# Superstition Mountains 28FEB08



## digiwalker (Mar 4, 2008)

I went out for a stroll on Thursday, mainly to see if I could find some good locations to take a couple of friends to find Tarantulas. I went to a spot where I had found them before, only to get skunked. Seems someone got there before me and left many rocks overturned and out of place. I did however flip literally dozens of scorpions, so here is a couple I photographed.

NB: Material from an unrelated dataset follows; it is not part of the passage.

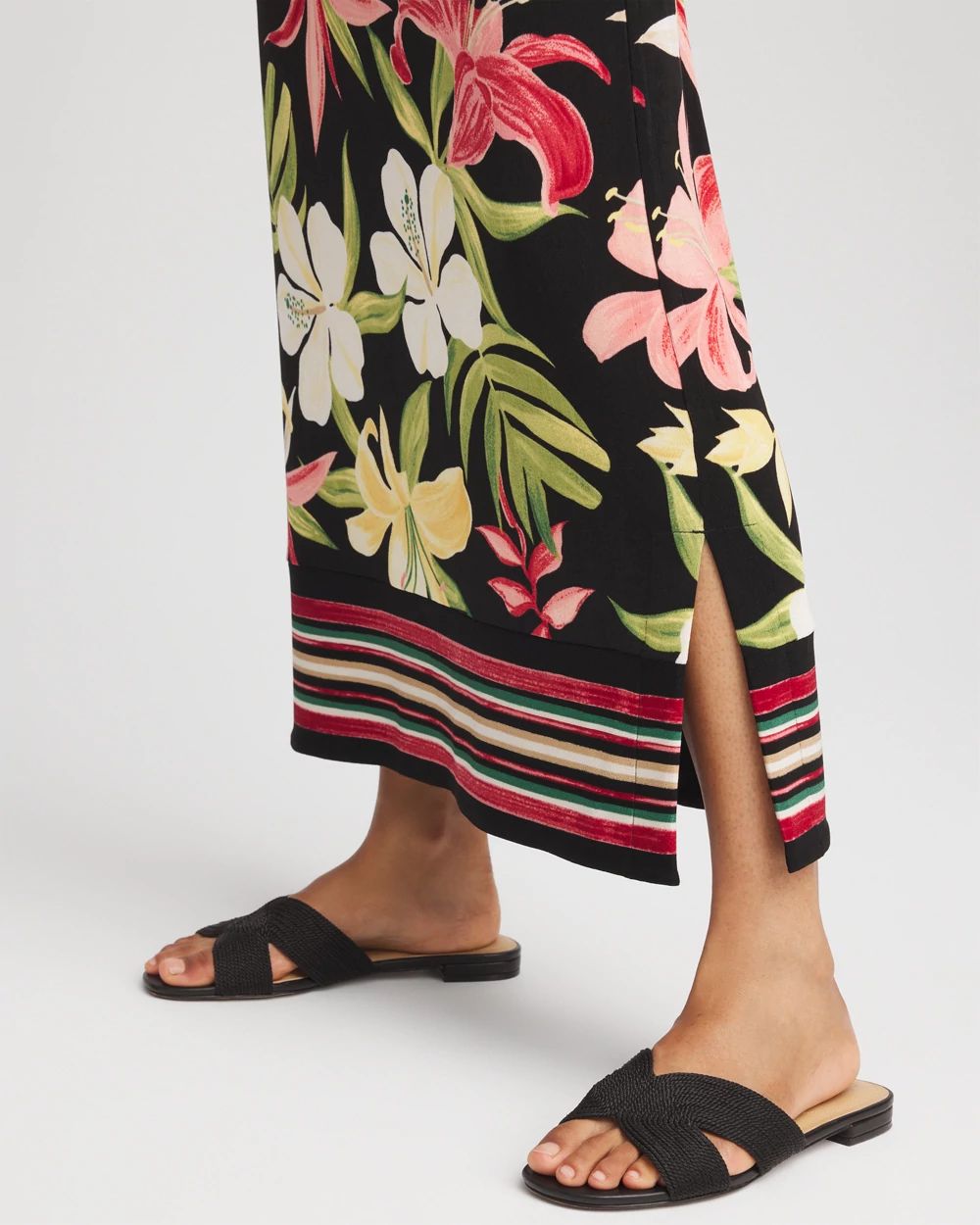 Travelers™ Tropical-Lily Midi Skirt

By the way, anyone willing to take an inexperienced invert person out and show him some sites in AZ? I am an avid herper, and am now expanding into inverts.


----------



## josh_r (Mar 4, 2008)

that is unfortunate that someone left an area tossed like that. it will settle back in place over time. i know you PM'd me and i am interested in learning more about you then i can show you some spots for schmidti in the superstitions. actually, you can look just about anywhere there and find them with no problems. what kind of herps have you found?? i am also an avid herper. i do not collect however. just photographs.

-josh


----------



## digiwalker (Mar 10, 2008)

*Thanks for your reply.*

Usually I am here at the site walking the rough areas. On site in years past I have found wind spiders, tarantulas, centipedes, bark and hairy scorpions.

Last year I found a red spotted toad, coachwhip, a mohave, a few WDB, a patchnose and lots of lizards.

This year I have seen a sand snake, pedes and scorps and 2 wdb-one with a single button.

Here is a pic of the first snake I flipped this year in AZ:


----------